* EXERCISE REQUIREMENTS
Could you set down exactly the lines of the data below, starting at the one that holds "পাওনা টাকা চাওয়ায়" and ending at the one that holds "2015 Chevrolet Equinox LS photo 23", both included, and only those?

* GIVEN ENTRIES
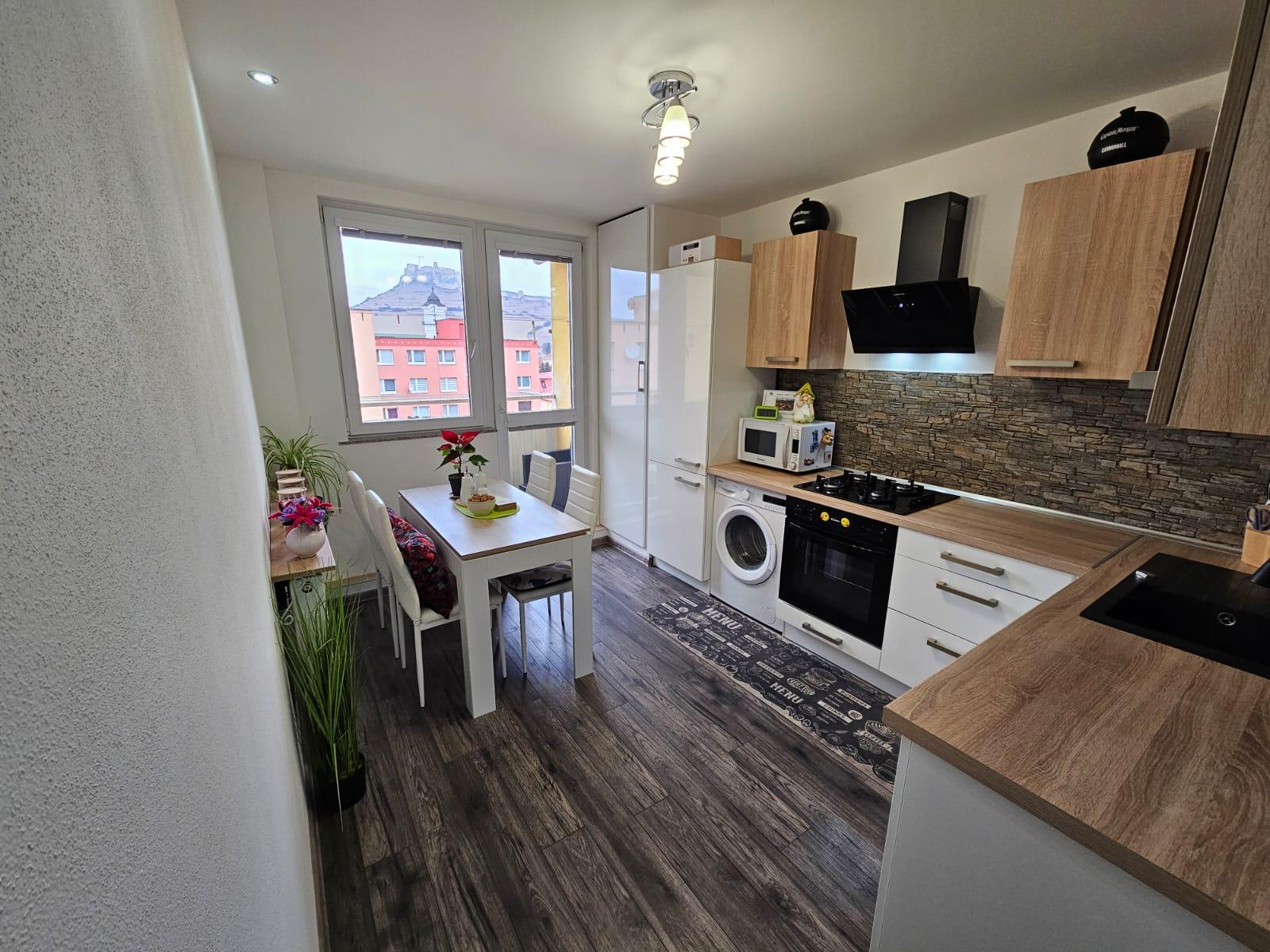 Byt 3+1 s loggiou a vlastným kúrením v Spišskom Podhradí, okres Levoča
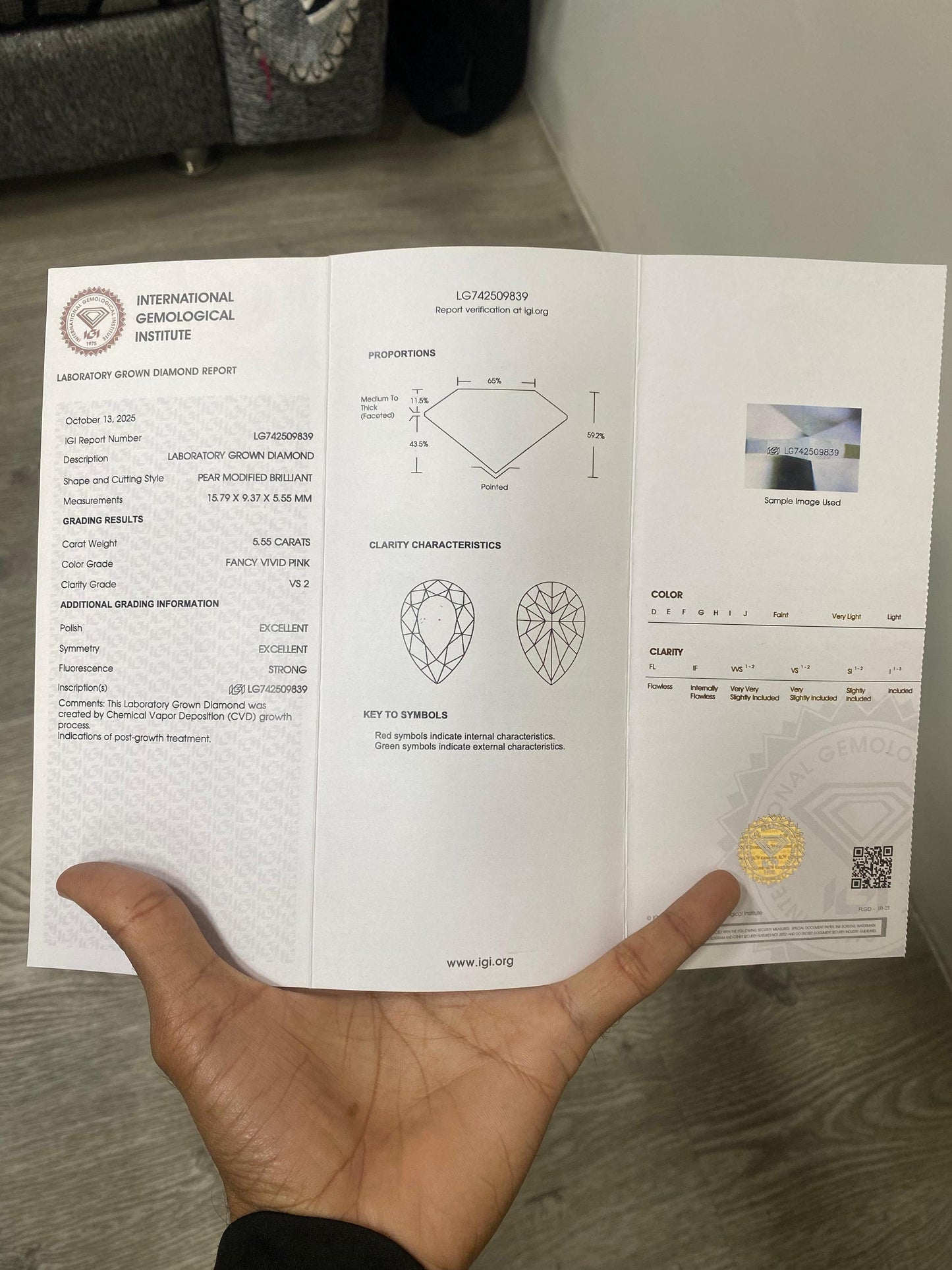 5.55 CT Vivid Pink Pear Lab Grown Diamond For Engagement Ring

==

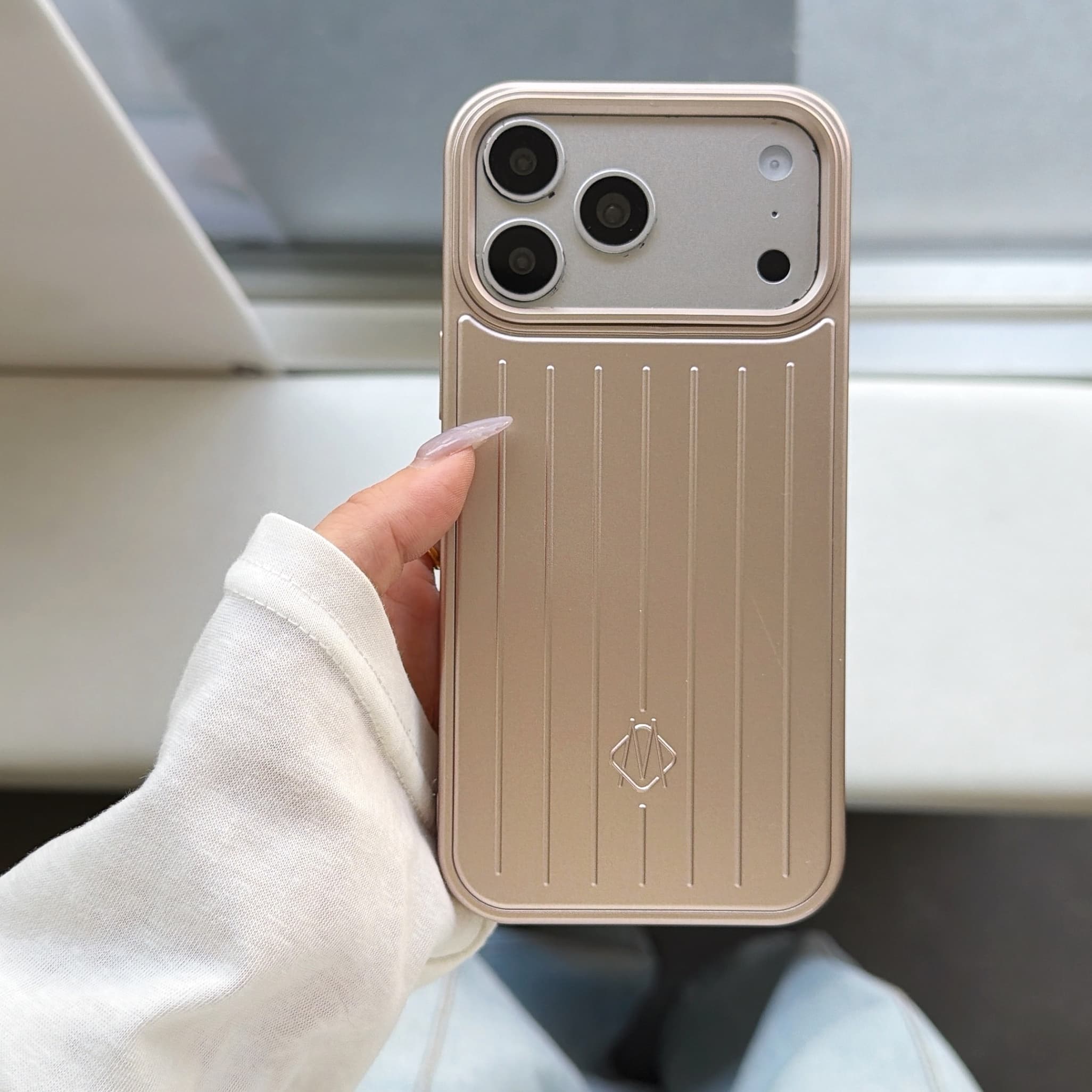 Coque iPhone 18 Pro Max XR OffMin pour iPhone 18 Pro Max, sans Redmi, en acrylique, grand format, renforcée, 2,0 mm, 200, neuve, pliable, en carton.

---

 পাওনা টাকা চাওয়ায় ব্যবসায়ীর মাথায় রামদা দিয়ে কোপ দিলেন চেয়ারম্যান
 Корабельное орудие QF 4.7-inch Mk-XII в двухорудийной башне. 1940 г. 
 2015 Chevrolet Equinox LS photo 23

* RESPONSE FOR THIS EXERCISE
 পাওনা টাকা চাওয়ায় ব্যবসায়ীর মাথায় রামদা দিয়ে কোপ দিলেন চেয়ারম্যান
 Корабельное орудие QF 4.7-inch Mk-XII в двухорудийной башне. 1940 г. 
 2015 Chevrolet Equinox LS photo 23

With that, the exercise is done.